I miss the 70s. Or at least some of it. I didn't do well in the 70s, particularly. I made some great friends though. Some of whom I still know. I did terribly at school. It bored me. The music was great. I was lacking in self respect. I gained a foul mouth. It's always done me proud though. So. If I was thrown back to 1973, I wonder what the result would be? I would love to go back with my now, amaaaazing view on the world. I would be erudite and interesting and know absolutely everything in Physics. I would treat blokes with utter disrespect, as they deserve. Or else I wouldn't put up with the misogyny. I wouldn't go out with any of them. Gaslighting bastards!!
Anyway.... I wrote this after a couple of glasses of wine.
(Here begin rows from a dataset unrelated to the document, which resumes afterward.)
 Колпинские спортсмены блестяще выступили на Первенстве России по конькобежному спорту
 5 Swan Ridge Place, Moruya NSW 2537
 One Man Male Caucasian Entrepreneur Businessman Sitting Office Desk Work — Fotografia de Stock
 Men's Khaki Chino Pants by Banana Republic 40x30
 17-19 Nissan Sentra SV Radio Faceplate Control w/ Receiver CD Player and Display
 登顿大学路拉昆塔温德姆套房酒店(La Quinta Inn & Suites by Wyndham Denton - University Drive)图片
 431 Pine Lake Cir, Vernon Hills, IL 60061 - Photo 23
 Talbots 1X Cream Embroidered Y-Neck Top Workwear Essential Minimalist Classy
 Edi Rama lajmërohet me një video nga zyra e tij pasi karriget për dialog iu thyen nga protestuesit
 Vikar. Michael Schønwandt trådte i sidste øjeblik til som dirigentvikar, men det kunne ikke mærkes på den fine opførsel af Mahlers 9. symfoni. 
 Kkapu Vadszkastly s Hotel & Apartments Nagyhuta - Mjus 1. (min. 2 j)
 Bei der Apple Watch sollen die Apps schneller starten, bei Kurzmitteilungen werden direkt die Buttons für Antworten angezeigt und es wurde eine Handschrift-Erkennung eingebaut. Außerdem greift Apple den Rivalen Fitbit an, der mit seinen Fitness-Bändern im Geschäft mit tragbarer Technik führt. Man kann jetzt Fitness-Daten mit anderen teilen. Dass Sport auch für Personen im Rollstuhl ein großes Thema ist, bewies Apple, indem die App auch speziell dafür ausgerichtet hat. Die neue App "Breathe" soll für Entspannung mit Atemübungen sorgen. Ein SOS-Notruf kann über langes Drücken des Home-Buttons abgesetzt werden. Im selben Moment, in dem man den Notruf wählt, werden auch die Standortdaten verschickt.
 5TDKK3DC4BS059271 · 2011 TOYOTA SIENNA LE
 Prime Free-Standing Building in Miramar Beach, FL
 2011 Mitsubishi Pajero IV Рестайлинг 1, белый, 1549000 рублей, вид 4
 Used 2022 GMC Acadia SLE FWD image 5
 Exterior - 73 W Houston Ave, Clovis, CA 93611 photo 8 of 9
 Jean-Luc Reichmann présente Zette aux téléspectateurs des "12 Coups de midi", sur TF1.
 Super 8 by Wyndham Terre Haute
I thought I would add to it. I have a nice story about me and 70s music! In 1973 I was 15. I loved Marc Bolan and Michael Jackson, although I think I was growing out of him by then. I also liked Donny Osmond, but of course that isn't cool is it?! I'm not going to pretend that my first single was Life on Mars by David Bowie, because it wasn't and I don't believe anyone who says it was. Anyhoo.... digression! We had family friends called David and Grace, Tim and Phil and we would often go and visit them, usually on a Saturday evening for a meal. This is where I first ate spaghetti! It really wasn't a thing in our house in the 70s. Neither was garlic 😏
One Saturday night David and Grace gave me 5 L.P's. they didn't want. They were: James Taylor - Mud Slide Slim, Carol King - Tapestry, Carol King - Music, Neil Young - After the Gold Rush and Joni Mitchell - Blue. Need I say anything else? That was me from then on. I still pinch myself.